Ukrainer, die Unterstützung zum Lebensunterhalt vom Staat benötigen, erhalten diese in Main-Spessart entweder über das Sozialamt am Landratsamt oder über das Jobcenter. Über das Sozialamt beziehen aktuell 54 ukrainische Staatsangehörige Leistungen. Dabei handelt es sich um ältere bzw. erwerbsunfähige Menschen. Für hilfebedürftige, erwerbsfähige Ukrainer, bei denen der Lebensunterhalt derzeit nicht eigenständig sichergestellt ist, ist das Jobcenter zuständig. Dort sind aktuell (Stand:08.01.2023) 688 Ukrainer gemeldet, die Leistungen für den Lebensunterhalt und Leistungen für Unterkunft und Heizung erhalten, darunter 220 Kinder und Jugendliche bis 14 Jahre. Einige Ukrainer haben bereits eine Arbeitsstelle oder einen Ausbildungsplatz gefunden. In den meisten Fällen erschweren jedoch die fehlenden Deutschkenntnisse eine sofortige Arbeitsaufnahme. Deshalb weisen die Integrationsfachkräfte im Jobcenter die Geflüchteten zunächst Integrationskursen zu, die an den Volkshochschulen im Landkreis angeboten werden. Ein wichtiger Punkt ist auch die Anerkennung der in der Ukraine erworbenen Ausbildungs- und Berufsabschlüsse. Dafür werden die Geflüchteten auf die zuständigen Anerkennungsstellen hingewiesen. „Die finanzielle Versorgung zum Lebensunterhalt der ukrainischen Geflüchteten ist sichergestellt, der Integrationsprozess in den Arbeitsmarkt läuft.
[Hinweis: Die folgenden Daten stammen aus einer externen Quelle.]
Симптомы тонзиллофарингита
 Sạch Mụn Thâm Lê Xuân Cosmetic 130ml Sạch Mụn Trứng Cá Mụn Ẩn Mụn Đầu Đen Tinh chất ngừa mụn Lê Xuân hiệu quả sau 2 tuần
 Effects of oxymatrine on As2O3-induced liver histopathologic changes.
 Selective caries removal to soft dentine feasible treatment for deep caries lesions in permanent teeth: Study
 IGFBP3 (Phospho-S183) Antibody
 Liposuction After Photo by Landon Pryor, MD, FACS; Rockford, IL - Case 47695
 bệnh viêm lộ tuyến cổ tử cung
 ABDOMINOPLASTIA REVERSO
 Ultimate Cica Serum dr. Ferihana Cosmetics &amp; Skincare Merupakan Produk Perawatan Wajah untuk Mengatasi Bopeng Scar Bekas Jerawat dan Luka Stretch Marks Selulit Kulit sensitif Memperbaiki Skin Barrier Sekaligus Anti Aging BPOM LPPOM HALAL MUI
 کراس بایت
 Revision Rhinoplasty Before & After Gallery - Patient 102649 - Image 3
Bevor diese dem Arbeitsmarkt zur Verfügung stehen können, sind aber in der Regel ausreichende Deutschkenntnisse unerlässlich, worauf sich derzeit aktuell unser Hauptaugenmerk richtet“, fasst Jürgen König, der Geschäftsführer des Jobcenters Main-Spessart die derzeitige Lage zusammen. Das Arbeitsaufkommen im Jobcenter ist durch die ukrainischen Geflüchteten stark angestiegen. „Das stellt eine enorme zusätzliche Belastung für unsere Mitarbeiter dar“, so König.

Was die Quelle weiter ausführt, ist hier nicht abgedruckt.